• **PROBLEM**
Begin at the line containing "1941 ~ SKATER" in the entries below and end at the line containing "İmkânsız şekiller logo"; transcribe that range exactly and nothing outside it.

• **TASK INPUTS**
::::::::

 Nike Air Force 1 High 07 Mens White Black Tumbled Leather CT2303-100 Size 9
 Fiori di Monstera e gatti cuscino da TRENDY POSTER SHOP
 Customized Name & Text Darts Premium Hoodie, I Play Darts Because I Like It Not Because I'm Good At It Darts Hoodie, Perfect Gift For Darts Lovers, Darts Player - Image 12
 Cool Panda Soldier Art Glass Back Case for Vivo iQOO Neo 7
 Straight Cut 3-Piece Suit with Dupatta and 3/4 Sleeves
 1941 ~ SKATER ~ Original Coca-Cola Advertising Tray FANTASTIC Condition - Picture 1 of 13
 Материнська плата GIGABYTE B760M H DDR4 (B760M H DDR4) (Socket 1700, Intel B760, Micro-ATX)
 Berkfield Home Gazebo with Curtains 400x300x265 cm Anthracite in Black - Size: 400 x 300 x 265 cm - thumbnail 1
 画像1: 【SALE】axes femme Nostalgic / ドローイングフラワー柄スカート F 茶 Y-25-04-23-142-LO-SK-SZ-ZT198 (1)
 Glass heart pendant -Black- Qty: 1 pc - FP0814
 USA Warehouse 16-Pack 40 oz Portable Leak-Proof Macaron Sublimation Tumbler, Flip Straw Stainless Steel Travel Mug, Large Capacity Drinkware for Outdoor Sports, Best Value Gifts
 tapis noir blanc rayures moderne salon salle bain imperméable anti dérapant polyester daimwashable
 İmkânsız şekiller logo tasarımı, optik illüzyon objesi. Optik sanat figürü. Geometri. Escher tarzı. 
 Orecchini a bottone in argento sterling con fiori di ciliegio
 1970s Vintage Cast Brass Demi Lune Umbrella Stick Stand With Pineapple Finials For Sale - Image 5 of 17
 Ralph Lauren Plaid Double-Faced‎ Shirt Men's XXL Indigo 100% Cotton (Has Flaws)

::::::::

• **SOLUTION**
 1941 ~ SKATER ~ Original Coca-Cola Advertising Tray FANTASTIC Condition - Picture 1 of 13
 Материнська плата GIGABYTE B760M H DDR4 (B760M H DDR4) (Socket 1700, Intel B760, Micro-ATX)
 Berkfield Home Gazebo with Curtains 400x300x265 cm Anthracite in Black - Size: 400 x 300 x 265 cm - thumbnail 1
 画像1: 【SALE】axes femme Nostalgic / ドローイングフラワー柄スカート F 茶 Y-25-04-23-142-LO-SK-SZ-ZT198 (1)
 Glass heart pendant -Black- Qty: 1 pc - FP0814
 USA Warehouse 16-Pack 40 oz Portable Leak-Proof Macaron Sublimation Tumbler, Flip Straw Stainless Steel Travel Mug, Large Capacity Drinkware for Outdoor Sports, Best Value Gifts
 tapis noir blanc rayures moderne salon salle bain imperméable anti dérapant polyester daimwashable
 İmkânsız şekiller logo tasarımı, optik illüzyon objesi. Optik sanat figürü. Geometri. Escher tarzı. 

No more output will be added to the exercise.